[mythtv-users] Any problem with main frontend also being household network server?

Damian myth at surr.co.uk
Fri Aug 10 08:31:32 UTC 2012


On 08/08/2012 17:54, Joseph Fry wrote:
>
>         My question is, Is there any good reason why the main frontend
>         should be
>         a different machine (to the backend and network server) or can
>         I have
>         them all in one quiet attractive box that lives on the book case?
>
>
>     Well that's the real question. Can you fit everything in one quiet
>     attractive box that lives on the book case? There's always going
>     to be tradeoffs. Small and quiet means poor cooling, which means
>     you need much more expansive laptop-grade hardware to get the same
>     performance and storage.
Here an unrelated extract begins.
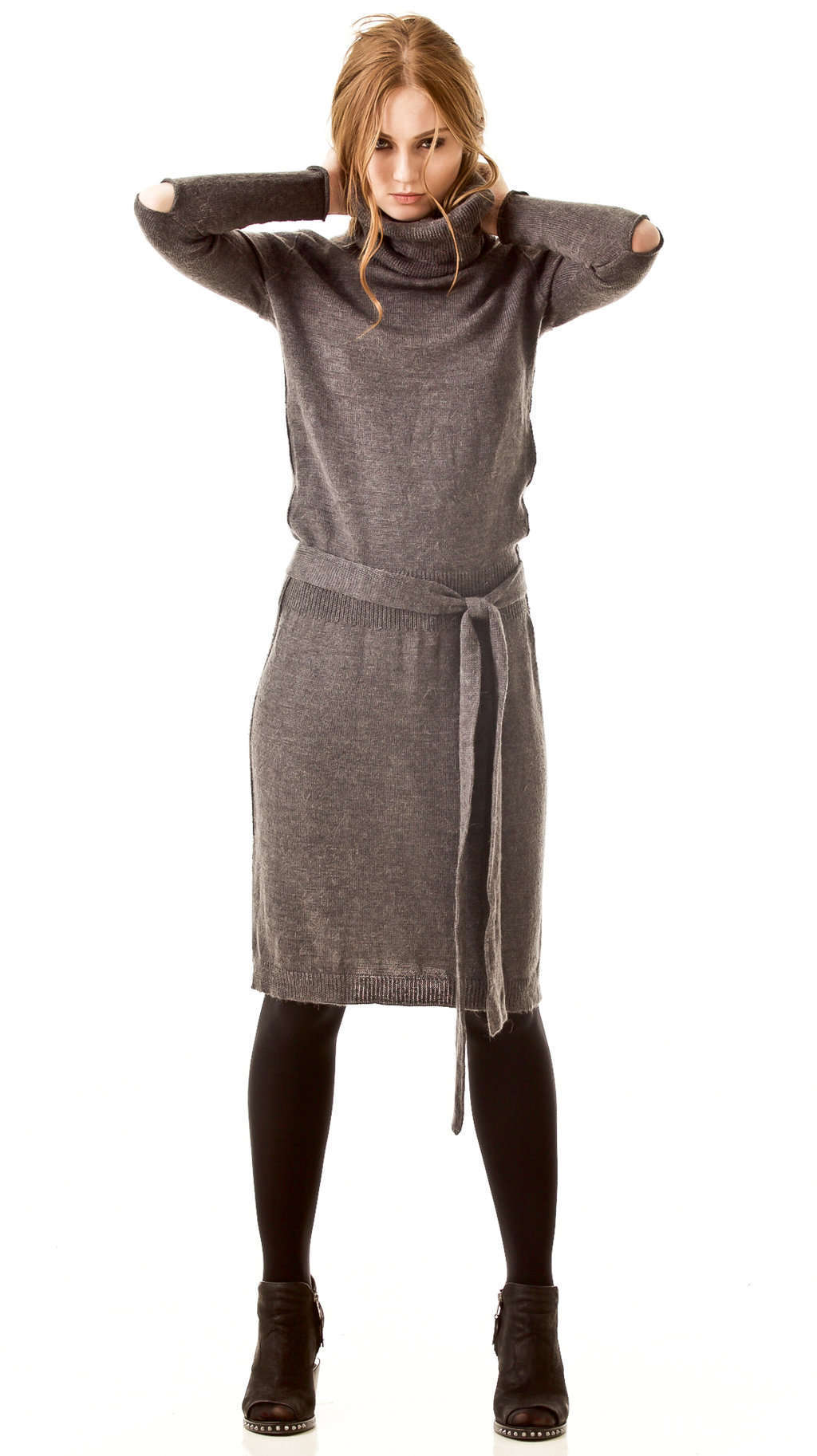 AMANDINE // grey turtleneck dress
Quiet and inexpensive means you're going
>     to have to go big, to have large heatsinks and large, slow fans,
>     which are going to make "attractive" difficult. Small and
>     attractive is easy, but then you end up with a vacuum cleaner in
>     the corner of your room.
>
>     You can do it, sure. However, many users find it is cheaper and
>     quicker to split the two (or more) boxes. It's significantly
>     easier to make a computer silent against the background of a TV,
>     and turn it off when not in use, than it is to make it silent
>     against a quiet room. There is always the third option of using a
>     loud old machine in your garage, or other convenient room, and
>     running audio/video/ir to your television remotely.
>
>
> There is no reason not to combine the two, just be careful with your 
> component selection.
>
> A good case with great thought to airflow is key... I like the 
> Silverstone GD04/05 if you want something that is shallow enough to 
> sit with the rest of your equipment.  These cases use 3 large 120mm+ 
> fans blowing cool turbulent air into the case for great cooling.  The 
> fans don't need to spin fast to cool well, so get a fan controller or 
> wire them to run on 5V to keep them quiet.  Coupled with a low thermal 
> load CPU (<= 65watts) and the Silverstone fanless heatsink (remove the 
> shroud) recommended for that case, and you can have a very quiet 
> system.  Use an SSD for your system drive/database so that your media 
> drives can spin down when not in use; and buy quiet 5400RPM drives for 
> your media.  A bit of sound deadening pad on the panels of the case to 
> help kill any vibration can't hurt either.
>
> Odds are, the fan on your projector will be louder than your system if 
> you plan it properly.
>
> A visit to SPCR (http://www.silentpcreview.com/) is recommended... the 
> folks there are all about keeping computers quiet.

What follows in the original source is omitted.